CREATE FUNCTION update_leg_counts() RETURNS trigger
    LANGUAGE plpgsql
    AS $$
    DECLARE
     pet_leg_count INTEGER;
     pet_count INTEGER;
    BEGIN
      SELECT INTO pet_leg_count species.leg_count
        FROM species
        WHERE species.id = NEW.species_id;
    
      SELECT INTO pet_count count(*)
        FROM pets
        JOIN species ON species.id = pets.species_id
        WHERE species.leg_count = pet_leg_count;
    
      DELETE FROM leg_counts where leg_counts.leg_count = pet_leg_count;
      INSERT INTO leg_counts (leg_count, pet_count) values (pet_leg_count, pet_count);
  
      RETURN NULL;
    END;
    $$;

Now that's a mouthful! We start by creating the function, with a return type of "trigger". This particular stored procedure has no parameters - it will be triggered by the creation of a new "pets" record, and that new record will be available within the function as "NEW". We set the language of the stored procedure as plpgsql, and declare a couple of variables that will be used in our code.

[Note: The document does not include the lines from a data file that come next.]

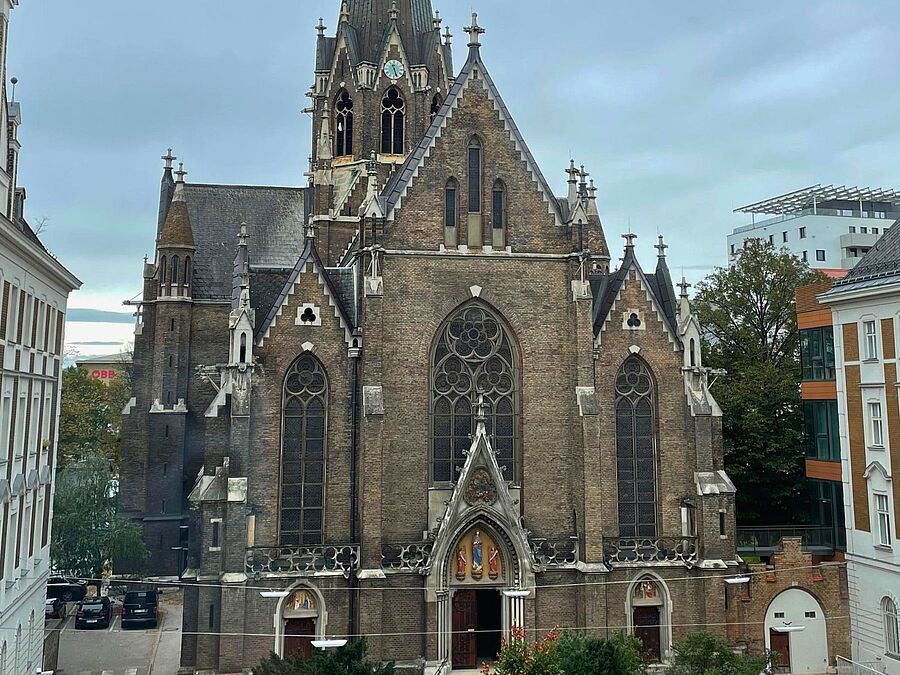 Die Lazaristenkirche im 7. Wiener Gemeindebezirk wurde am 1. Juli 2026 an die Koptisch-orthodoxe Kirche übergeben.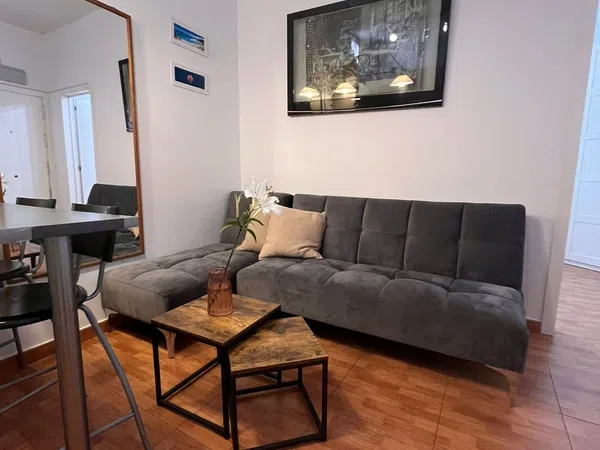 Piso en calle del Acuerdo, 9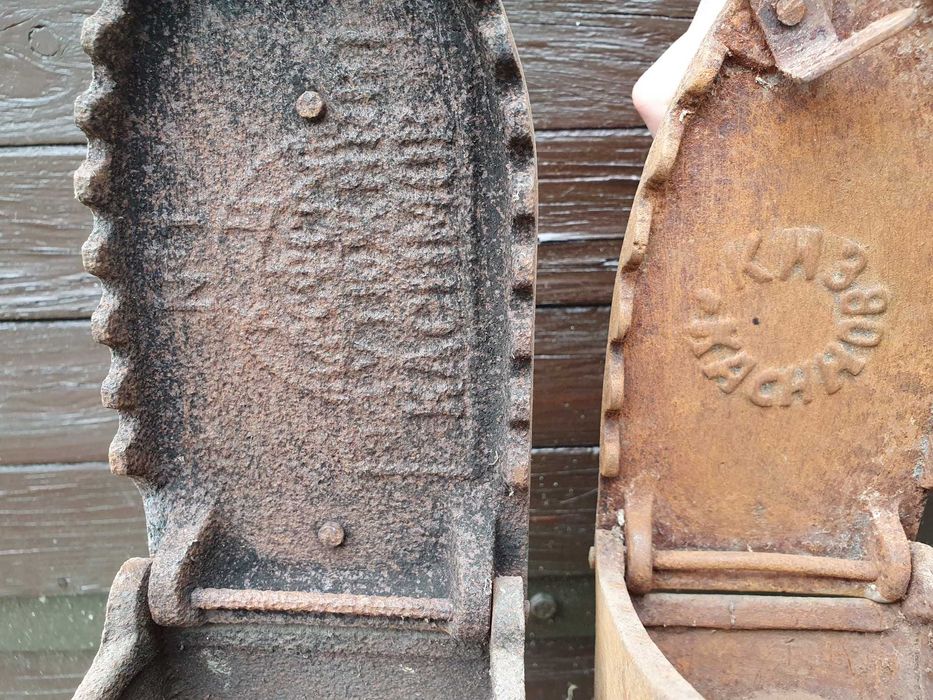 Stare żelazka na duszę na węgiel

We set pet_leg_count to the number of legs that our new pet has. This is important, because we don't want to update ALL the records in our summary table, just the one that keeps track of our pet's same-legged friends. Next, we set pet_count to the number of pets with this many legs. Finally, we delete any summary table records with the same number of legs, and recreate it with the new leg count. We do it this way so our code works whether a record for that many legs previously existed, or not.

Setup the Trigger

Now for probably the easiest part of this process: telling Postgres to execute the stored procedure whenever a new pet is added:

    CREATE TRIGGER update_leg_counts
    AFTER INSERT ON pets
    FOR EACH ROW EXECUTE PROCEDURE update_leg_counts();

I gave the trigger the same name as the stored procedure, sorry if that's confusing. I didn't see a good reason to give them distinct names.

The Results

The difference is...magic? As we add pet records, we can measure the speed of querying pet counts by number of legs, both before and after the summary table. These were my actual performance numbers, which you can recreate with the code in the git repository I provided at the top of this article.

Number of Pets Query Time w/o Summary Query Time with summary Speed Improvement
100 0.0006 0.0002 65.98%
500 0.0007 0.0002 71.71%
1,000 0.0013 0.0002 79.86%
2,000 0.0019 0.0002 88.52%
3,000 0.0026 0.0002 91.04%
4,000 0.0033 0.0002 92.66%
5,000 0.0040 0.0002 93.41%
6,000 0.0049 0.0002 94.91%
7,000 0.0055 0.0002 95.77%
8,000 0.0062 0.0002 96.34%
9,000 0.0069 0.0002 96.46%
10,000 0.0094 0.0002 97.12%

The speed of querying the summary table remains constant no matter how many pet records we add to the database, while performing the complex join query gets increasingly sluggish. Even at just a hundred pet records, there is marked benefit. By the time we're storing 10,000 pets, we're saving over 97% of the time it takes to find out how many same-legged friends Fido has. Magic!